Cost Sharing or Healthcare Sharing Ministries became legally qualified as medical coverage in the Affordable Care Act (ACA) in 2018, much of which was for business and consumer tax purposes. Prior to 2019, there was an individual mandate that basically stated that if someone does not have Minimum Essential Coverage (MEC), such as standard health insurance, they would be financially penalized at the end of the year – an effort to force consumers to purchase big player health insurance plans. In 2018, 104 cost sharing communities were federally inducted as MEC to the ACA, allowing their members to not be penalized and thus setting requirements for these cost shares to meet. Thankfully in 2019, the individual mandate went away, sparing those who were members of smaller and non-federally-qualifying cost sharing communities.

Let’s see if you can pinpoint the law that I still scratch my head over here. In order for members to be exempt from the tax penalties outlined in the Affordable Care Act, ministries must meet the following qualifications:

  • Must be a 501(c)(3) Nonprofit Corporation
  • Members must share common ethical or religious beliefs
  • Must not discriminate membership based on state of residence or employment
  • Members cannot lose membership due to development of a medical condition
  • Members have (or a predecessor must have) existed and been in practice continually since December 31, 1999 (a grandfather clause)
  • Must be subject to an annual audit by an independent CPA, which must be publicly available upon request.

The five ministries that meet these qualifications, which makes them eligible for large employer purchasing and medical-tax-deductible benefits offerings (and competitive and scalable) are: Christian Healthcare Ministries, Liberty HealthShare, Medi-Share, Samaritan Ministries, and OneShare. There is an organization called MCS Medical Cost Sharing, which was founded after 1999 and does not meet the qualifications, but offers to pay the tax penalties incurred by members… so they can compete.

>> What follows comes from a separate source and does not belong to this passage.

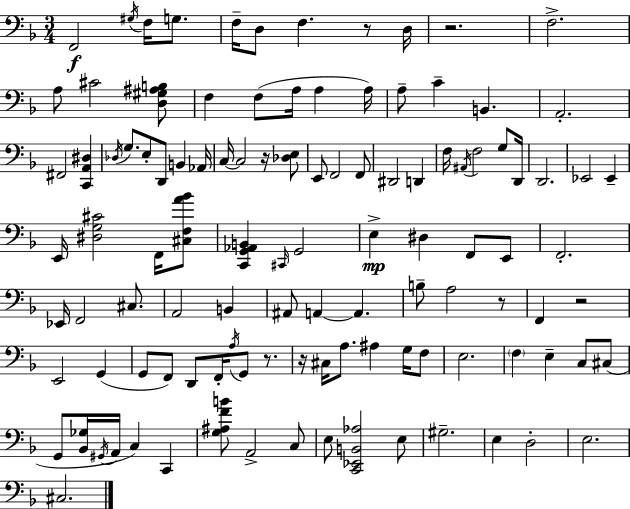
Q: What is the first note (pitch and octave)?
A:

So, why 1999? If you ask me, the government is making an effort to stop new cost shares from opening, because why bother opening if you can’t sell and scale with employers? Well, it doesn’t seem to be working when you come across non-qualifying players like Sedera, Zion, Altrua, and someday Health Possible. Newer cost shares will find innovative ways to scale and just mitigate the risks of any individual mandates or penalties coming back on its members later. Thankfully, it is part of the United States Constitution that American citizens are born with the right to share in each others expenses.

What’s to come of all of this?

Empowerment, change, and simply putting consumers back in charge of their own health – to not be left to the devices of big insurance, big pharma, higher education, and the blackhole that was American healthcare.

This is the springboard, and as one Founder, I welcome you to the interstellar universe of cash pay healthcare. There already is and will continue to be a focus on community, human prescription, technology as drugs designed for self-control, personalized pharmaceuticals that are prescribed and/or change according to your individual genome, and the continued growth of internet universities.